Research tells us we grow faster through leveraging our strengths than by fixating on our faults, and we get further by building upon what’s working than obsessing over what’s not. (In an individual context, we often talk about strengths-based development. At the organizational level this approach is known as Appreciative Inquiry.)
So appreciation is a key to great leadership, but in a prolonged crisis, with our nervous systems in continual fight-or-flight mode, it’s also vital to our health and wellbeing.
There are many ways to practice appreciation. We can appreciate ourselves as well as others. We can recognize growth, we can give thanks, or both.
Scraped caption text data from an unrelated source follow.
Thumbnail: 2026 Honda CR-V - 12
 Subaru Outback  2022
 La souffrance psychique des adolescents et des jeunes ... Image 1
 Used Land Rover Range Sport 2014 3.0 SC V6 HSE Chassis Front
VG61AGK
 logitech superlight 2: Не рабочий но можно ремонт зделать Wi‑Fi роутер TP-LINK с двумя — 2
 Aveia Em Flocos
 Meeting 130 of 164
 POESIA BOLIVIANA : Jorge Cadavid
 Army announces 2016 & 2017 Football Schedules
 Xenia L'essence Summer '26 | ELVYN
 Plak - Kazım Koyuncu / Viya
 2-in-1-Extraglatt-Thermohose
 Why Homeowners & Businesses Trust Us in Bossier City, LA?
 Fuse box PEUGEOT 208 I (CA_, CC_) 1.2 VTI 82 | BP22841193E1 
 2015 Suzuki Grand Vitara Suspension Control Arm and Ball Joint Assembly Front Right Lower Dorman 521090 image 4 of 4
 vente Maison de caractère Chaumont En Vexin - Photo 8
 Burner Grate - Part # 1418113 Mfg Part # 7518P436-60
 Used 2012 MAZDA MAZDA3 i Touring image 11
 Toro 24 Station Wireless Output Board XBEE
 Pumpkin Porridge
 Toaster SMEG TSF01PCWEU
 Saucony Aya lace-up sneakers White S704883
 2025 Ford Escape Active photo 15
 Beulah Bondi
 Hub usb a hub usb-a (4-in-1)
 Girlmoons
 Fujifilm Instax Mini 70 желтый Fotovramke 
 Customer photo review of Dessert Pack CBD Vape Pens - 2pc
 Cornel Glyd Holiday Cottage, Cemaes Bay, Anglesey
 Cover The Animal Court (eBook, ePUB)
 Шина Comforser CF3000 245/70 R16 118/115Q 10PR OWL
Here are some questions to guide you in appreciating your team, your loved ones and yourself.
And 2020 has given us plenty to work with in these regards.
Let’s start now with ourselves. Grab a sheet of paper or open a new note and take a moment to look back over the past 12 months.
Practice: Appreciating Ourselves
Think back to January, back to where you were starting out the year, what you were hoping to achieve. What were your plans? What were you looking forward to? What were you worried about?
Ok, now consider the many challenges and complications that have arisen between then and now. What got in your way? What disrupted your plans?
Breathe.
Recognize how you met these challenges and kept going. Sure it stung at the time, maybe it still does. The disappointment, the grief for what has been lost, is real and valid.
Let yourself feel it. This is part of your story.
And you did keep going. Perhaps in a different direction or at a different pace. This too is to be appreciated: You flexed, you focused, you adjusted. You reset priorities and crafted new strategies, whether for productivity, practicality, progress or self-care.
Now look at what you achieved, under these extraordinary circumstances.
Resist the urge to compare your accomplishments to your own original plans or to what others seem to have attained or produced.
Instead, zoom way in to maintain perspective and context. Look for the tiny wins. What are you proudest of given the reality of your particular situation, with its unique responsibilities, problems and pressures?
Now go beyond what you did, because that’s only part of it. I think it’s more interesting to consider who you were and how you grew this year.
We tend to lead with self-judgment, so please take on these questions with a heavy dose of kindness and compassion for yourself.
Remember the magnitude of the challenges you’ve faced. Forgive yourself the moments when you didn’t show up the way you wanted to. Focus on the times when you did, maybe even surprising yourself in the process.
How did you show up for your team, family or community in new ways? How did you let them know they matter? How did you support them in their struggles?
How does that feel?
Which of your strengths did you lean into? How did you stretch them into new territory? What new strengths did you discover?
Yes.
And finally, what did you learn about yourself this year? What do you now know—about who you are, what you’re capable of—that you didn’t know back in January?
Write it all down. Save it. Come back to it. This is your incredible true story of this historically relentless year.
I, for one, am terribly proud of myself. I hope you are too.
I’m proud of us. We are going to make it out of 2020 alive.
Let’s make sure we’re not merely surviving it.